The group stage containing England, Chile and United States was navigated with unerring ease. After initially going behind to United States, three goals in the last ten minutes ensured a 3-1 win and Spain then dispatched the tough Chileans 2-0 with first-half strikes from eventual top scorer Estanislau Basora and the prolific Telmo Zarra. In their final group game, against the English - the founding fathers of football - Zarra would come to the fore again.
"The leading scorer in six Spanish championships, Zarra had already achieved the popular iconic status previously attained by the legendary Spanish bullfighter Manolete, killed in the bullring of Linares three years earlier," Burns writes. "It was popularly said that Zarra played with three legs, the third being his devastating head. Zarra rammed home with his foot rather than headed Spain's winning goal, having beaten defender Alf Ramsey off a cross from Agustin Gainza. When the match was over, Spanish soccer's top official, Armando Munoz Calero, told Franco: 'Excellency, we have vanquished the perfidious Albion.'"
Topping their group with three wins out of three and only one goal conceded, Spain were seen as one of the shock successes of the tournament - especially as they had knocked out the Allied powers of the US and England - but they would come undone by the end. For the first and only time, the Brazilian organisers had decided that, to guarantee teams more games (and therefore more money all round), they would follow up the initial group stage with a 'round-robin' to decide the eventual winner.

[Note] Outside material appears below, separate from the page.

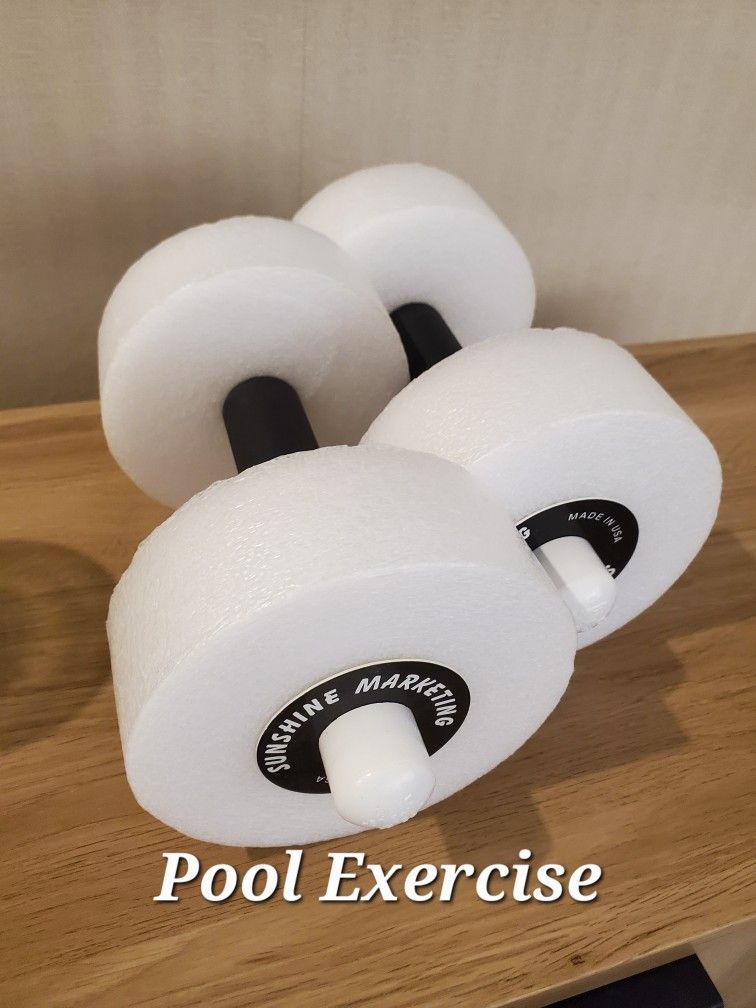 Water Arobics Dumbbells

FIFA had been sceptical, and rightly so as there were huge issues caused by the travelling and scheduling of the games.
Still, Spain took their place in the final group alongside Brazil, Uruguay and Sweden. "In pure footballing terms, Spain were as surprised as anybody since England had been expected to make the final at least," Ball writes. "In the second phase, however, reality intruded and Uruguay, the eventual winners, should really have won a game that finished in a 2-2 draw. Nevertheless, Spain was still gathered around the radio dreaming of conquering the world when they took on the hosts two days later at the Maracana - with over 150,000 people inside. [Silvestre] Igoa got one for Spain, but Brazil replied with six. The next day, they lost 3-1 to Sweden and caught the slow boat home."

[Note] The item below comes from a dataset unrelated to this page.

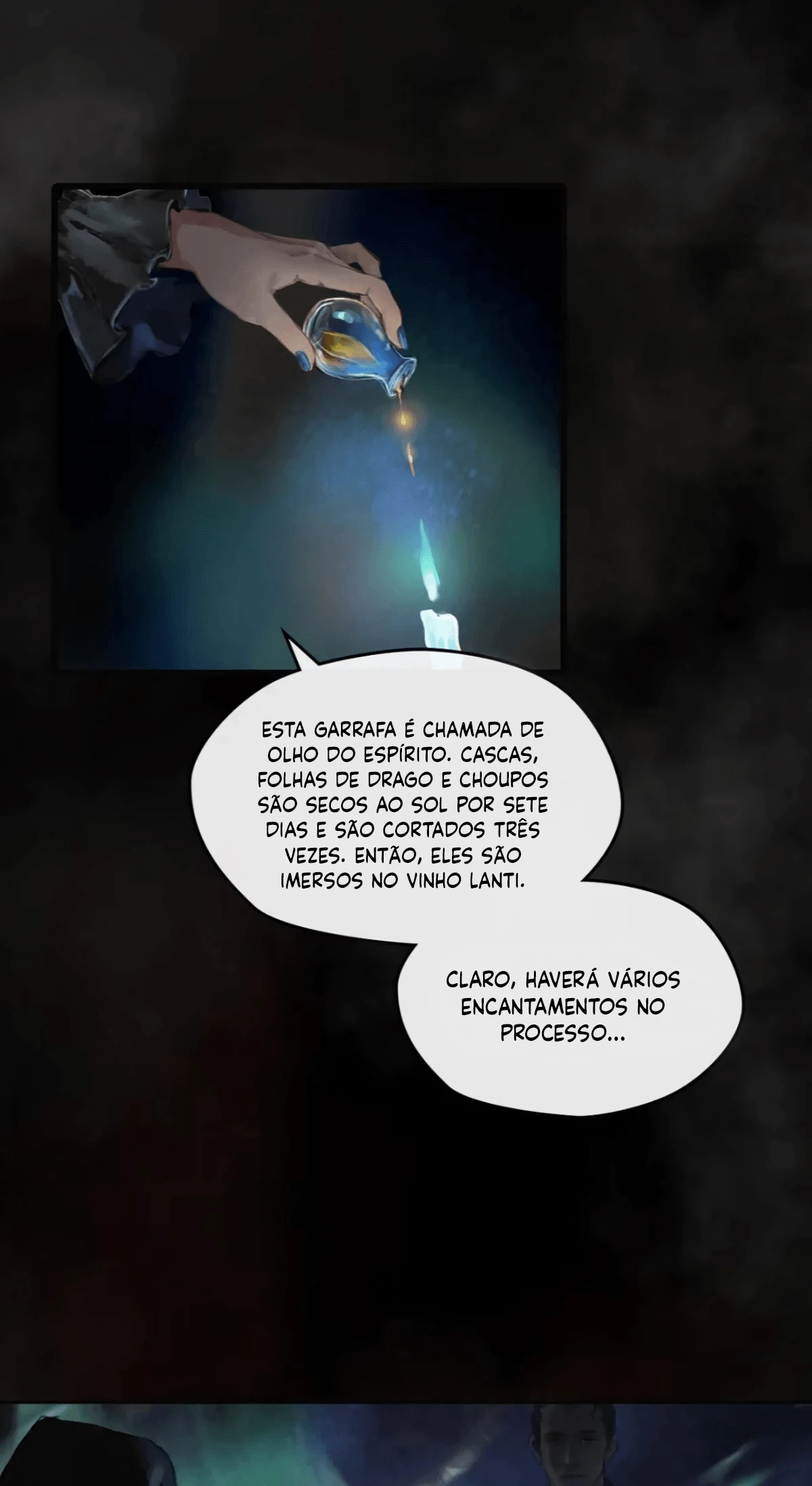 Read Lord of the Mysteries remake PT Manga Online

Spain were out, but they had made their mark on the game at last. Mary Vincent's Spain 1833-2002: People And State asserts: "Football - the social drug of Franco's Spain - had genuine inter-class appeal. The Spanish goal that knocked out England was supposedly heard by the entire population." In another 60 years, long after Franco's death, La Furia Roja would be reborn.
What happened next? Spain did not qualify for the World Cups of 1954 or 1958 and withdrew midway through their inaugural European Championship as Franco would not sanction a trip to the Soviet Union in 1960, as they had supported the Second Spanish Republic in the Civil War. A two-game European Championship tournament in the country in 1964, however, provided Spain with their first international trophy, but they could not build on that success. They reached final of the Euros in 1984, and the quarter-finals of the World Cup in 1986, 1994 and 2002, but continued to live up to their underachieving tag. Until, that is, 2008, when they began the run that has seen them become one of the greatest, if not the greatest, teams to have ever played the game.